_What you are asked to do_
Take the line with "imageGiantex Mid Century" as the first and the last line of the data as the end. Write out both and every line between exactly, except pictures.

[Opening Data section section]

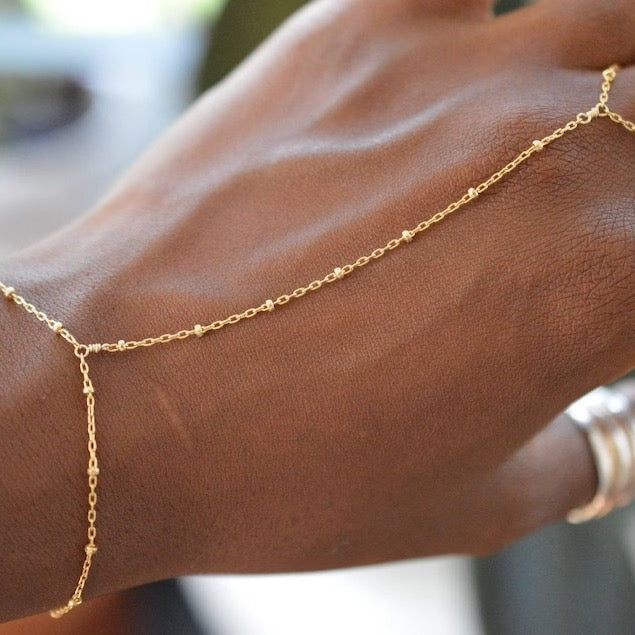18K Gold Waterproof Minimalist Hand Chain Bracelet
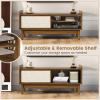 imageGiantex Mid Century Coffee Table with Storage Rattan Modern Tea Table with Sliding Doors Adjustable amp Removable Shelf Rattan Woven Door Wooden Accent Center Tables for Living Room Apartment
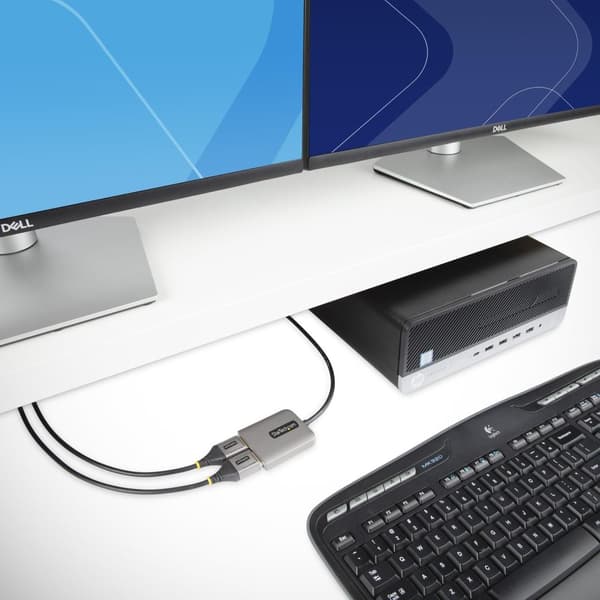 STARTECH.COM 2-Port DisplayPort MST Hub 2x 4K 60Hz DisplayPort splitter til 2x DP DP 1.4 multi-monitor adapter 30 cm kabel Kun Windows (MST14DP122DP)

[Closing Data section section]

_Exercise solution_
 imageGiantex Mid Century Coffee Table with Storage Rattan Modern Tea Table with Sliding Doors Adjustable amp Removable Shelf Rattan Woven Door Wooden Accent Center Tables for Living Room Apartment
 STARTECH.COM 2-Port DisplayPort MST Hub 2x 4K 60Hz DisplayPort splitter til 2x DP DP 1.4 multi-monitor adapter 30 cm kabel Kun Windows (MST14DP122DP)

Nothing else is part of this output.